# Some recent lifts



## fubaseball (Jun 20, 2013)

[ame]http://youtu.be/HubrHLBlI38[/ame]

This 250 viper press was after I had done probably 10-15 presses with 250. Something is off right now and my pressing sux... I got pissed finally and just grabbed it and threw it up

Then 666 Deadlift... Only reason I did it is to say I pulled the Diablo haha 

Then 675, probably would have gone up easier had I not done 666. Also this bar had NO flex to it, so with a good DL bar I feel I'm at or close to 700


----------



## Rory (Jun 21, 2013)

Fucking awesome bro!!!


----------



## AnaSCI (Jun 21, 2013)

Pure beast man!!


----------



## Phoe2006 (Jun 21, 2013)

Nice lift


----------



## Ironbuilt (Jun 21, 2013)

Right on Fuse.. i see shits happening great for you bro..keep up
beastmode.


----------



## fubaseball (Jun 21, 2013)

Rory said:


> Fucking awesome bro!!!



Now if I could just be beast and ripped like you rory  haha


----------



## fubaseball (Jun 21, 2013)

AnaSCI said:


> Pure beast man!!



Thanks Anasci! Ill be getting more vids up... A lot of good training going on


----------



## fubaseball (Jun 21, 2013)

Ironbuilt said:


> Right on Fuse.. i see shits happening great for you bro..keep up
> beastmode.



Just wait till I start my Halo  I'm going to scare people!!


----------



## turbobusa (Jun 24, 2013)

Nice pull!  Keep at it. I'll be looking for that 700 and then some..... T


----------



## Big-John (Jun 24, 2013)

Nice pull! Congrats brother!


----------



## fubaseball (Jun 24, 2013)

turbobusa said:


> Nice pull!  Keep at it.
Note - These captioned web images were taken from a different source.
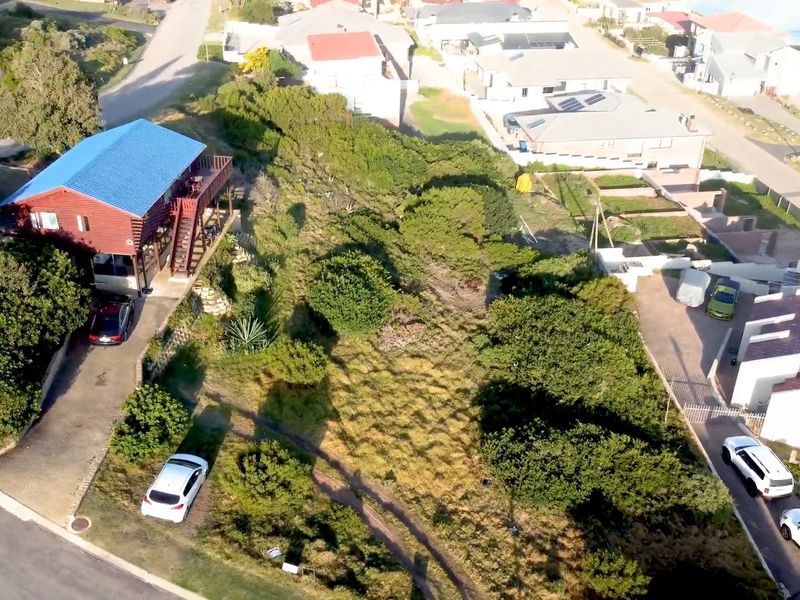 Aerial view of a residential vacant land plot situated in a developed neighborhood, featuring established vegetation and access to a paved driveway.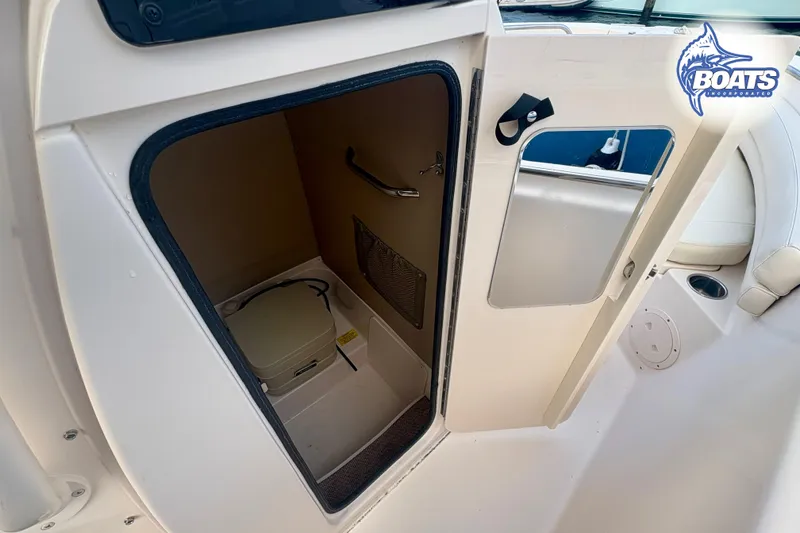 Slide: The Image of 2015 Grady-White Fisherman 209 boat interior with open storage compartment and portable toilet. - 7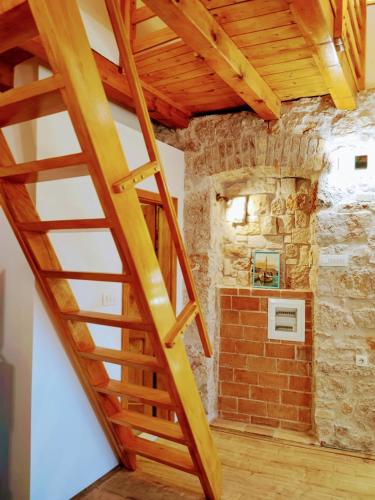 a wooden staircase in a room with a brick wall at Falcons Nest in Šibenik
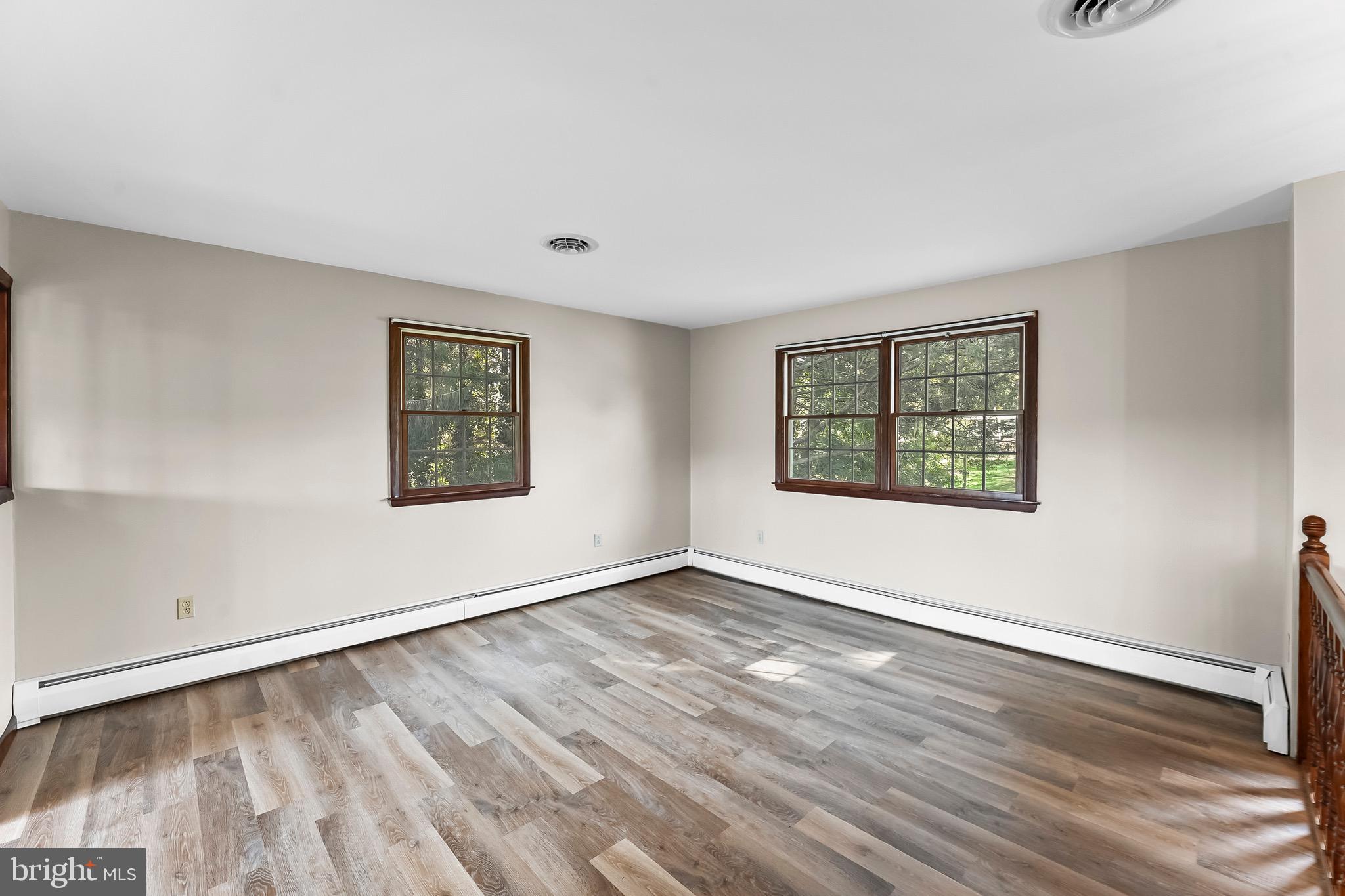 350 Roneys Corner Road Oxford, PA 19363 - Photo 5 of 18 an empty room with wooden floor and windows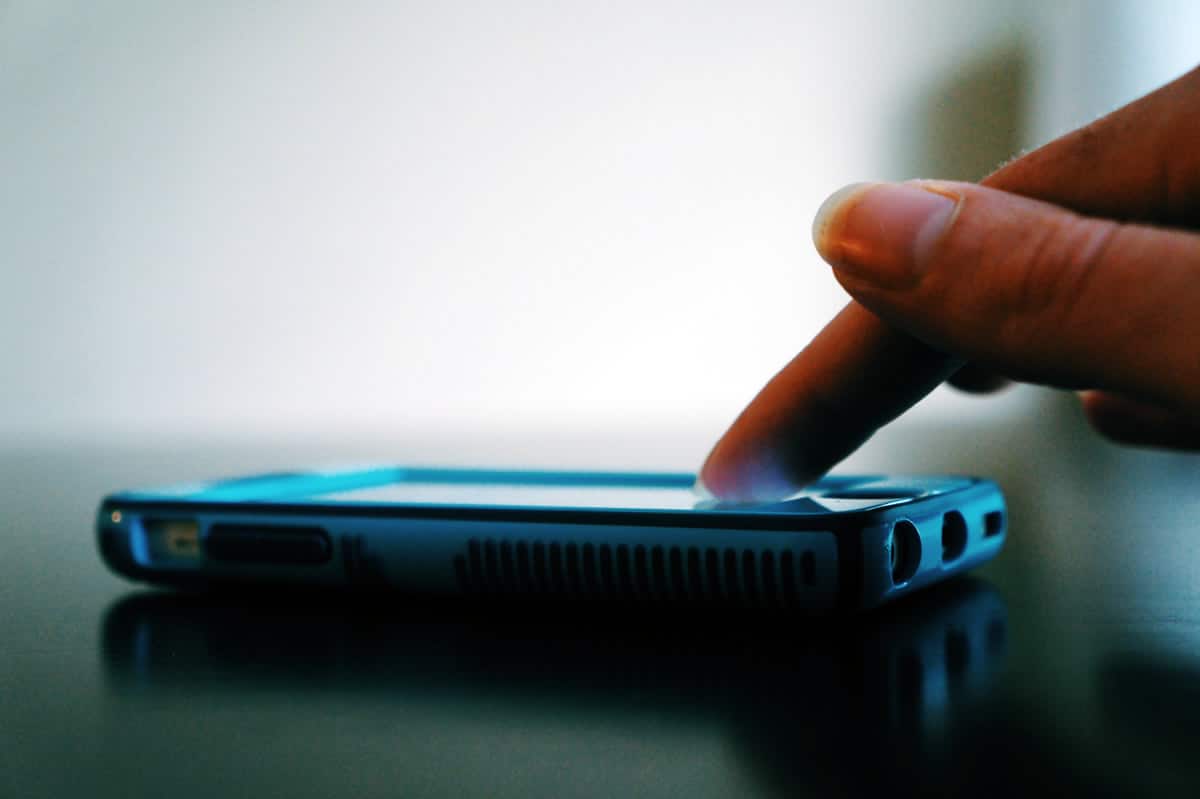 A photo of a woman’s finger touching the screen of her iPhone.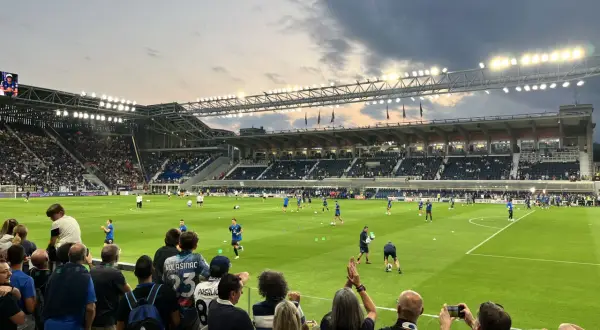 Widownia na stadionie przed meczem FC Bologna. Piłkarze rozgrzewają się na zielonej murawie, a kibice z flagami i aparatami obserwują przygotowania.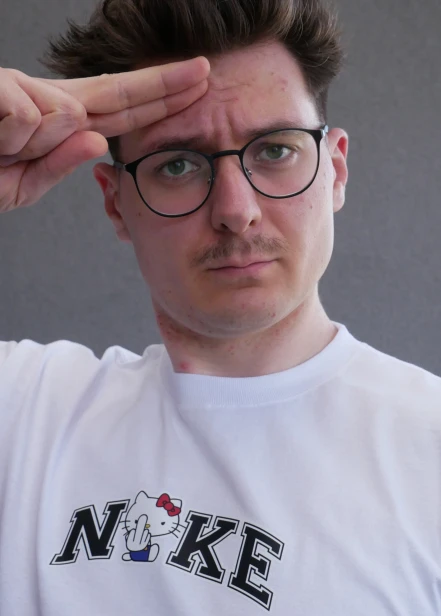 Model prezentuje białą koszulkę "SOFT REBEL" z nadrukiem z przodu hello kitty fuck
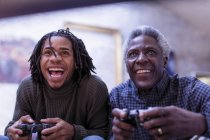 Захоплений дідусь і онук грають у відеогру — стокове фото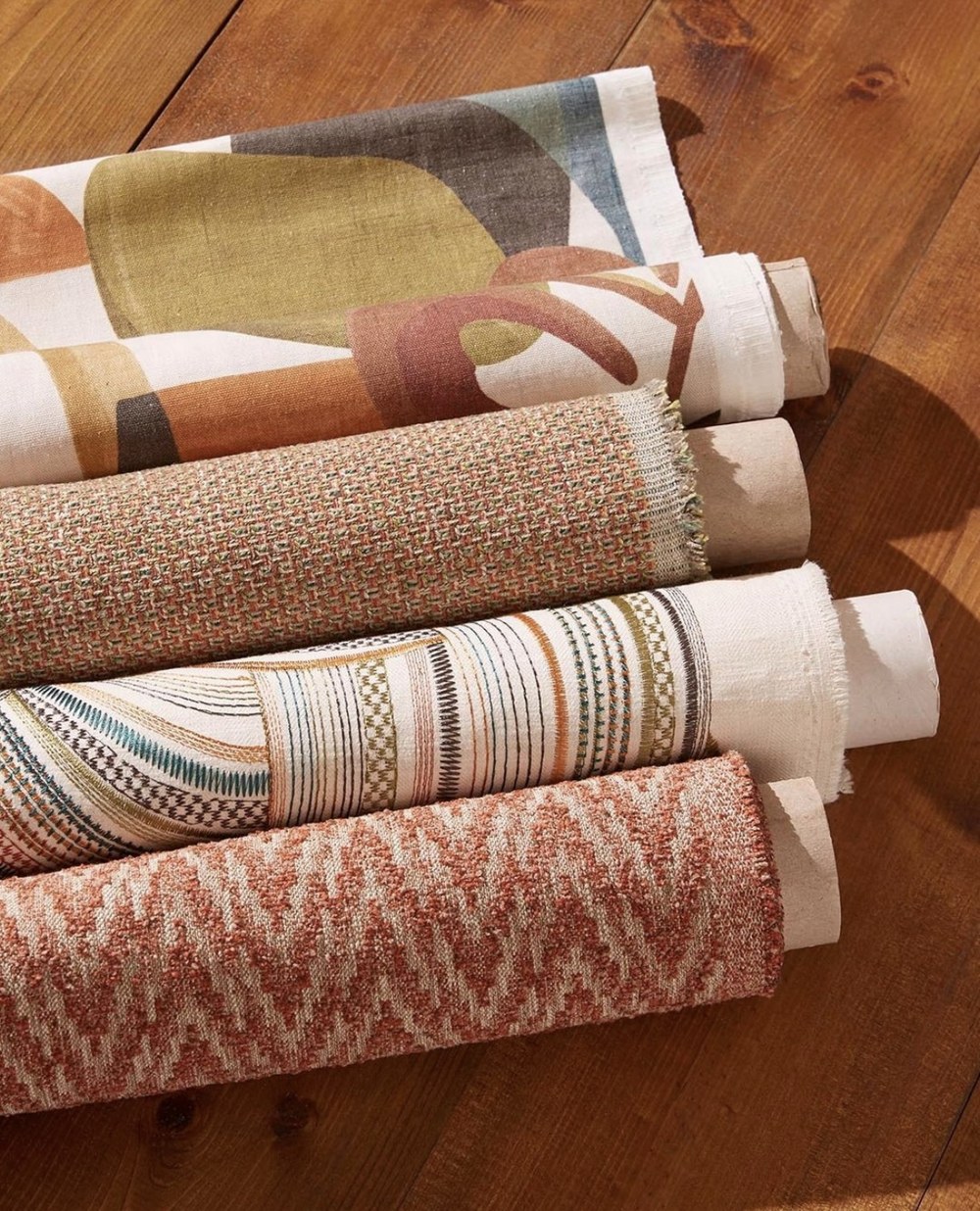 A range of fabric rolls, from natural weaves to patterned textiles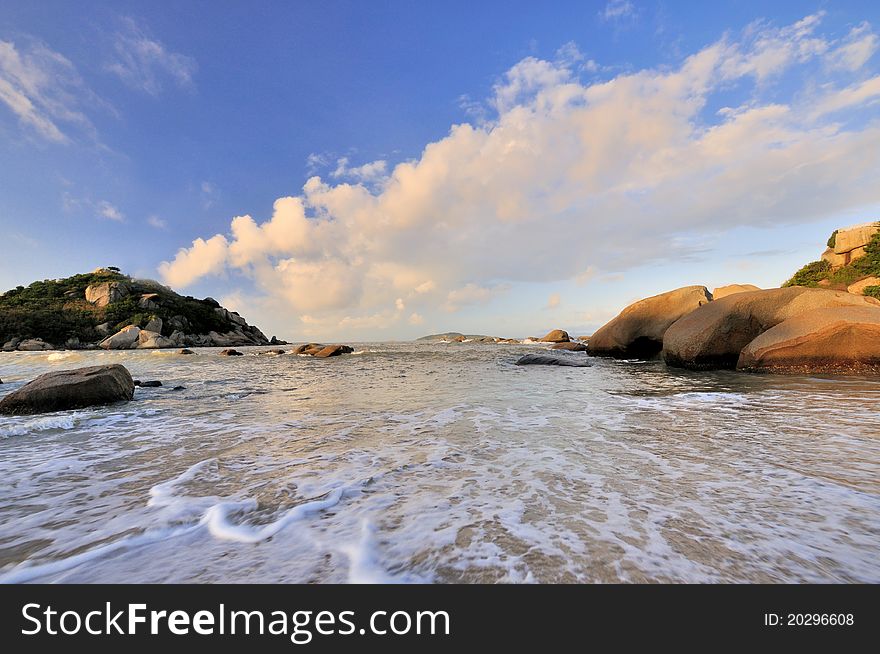 Sea coast in sunrise lighting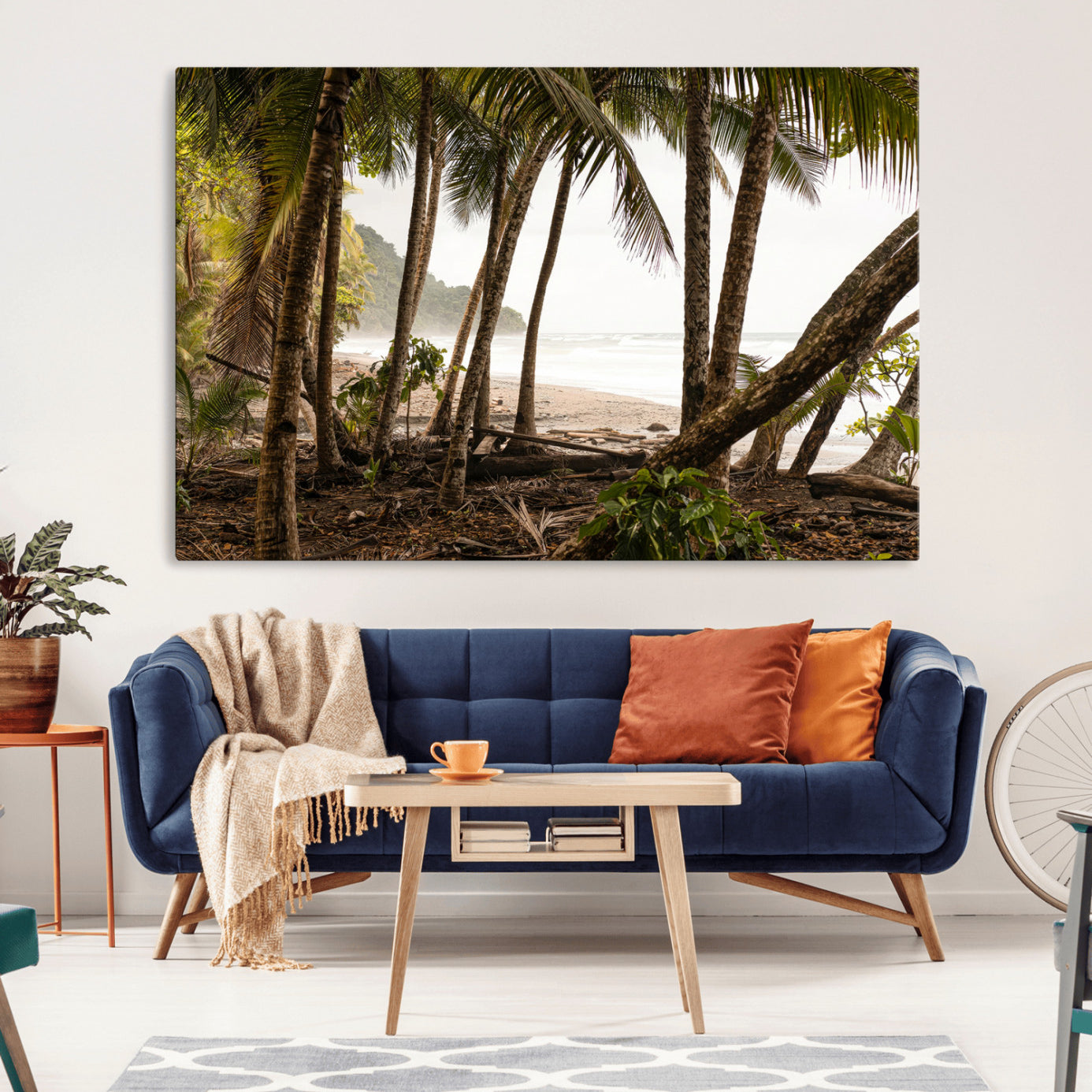 Dense tropical palm trees framing a sandy beach and ocean shore, ideal for jungle or coastal themed interior wall decor.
I'll be looking for that 700 and then some..... T



I'm going to order a Texas DL bar and see what I can pull... With a little flex, I think I am at or near 700 already


----------



## fubaseball (Jun 24, 2013)

Big-John said:


> Nice pull! Congrats brother!



Thanks big John!


----------



## AGGRO (Jun 25, 2013)

Making it look easy!


----------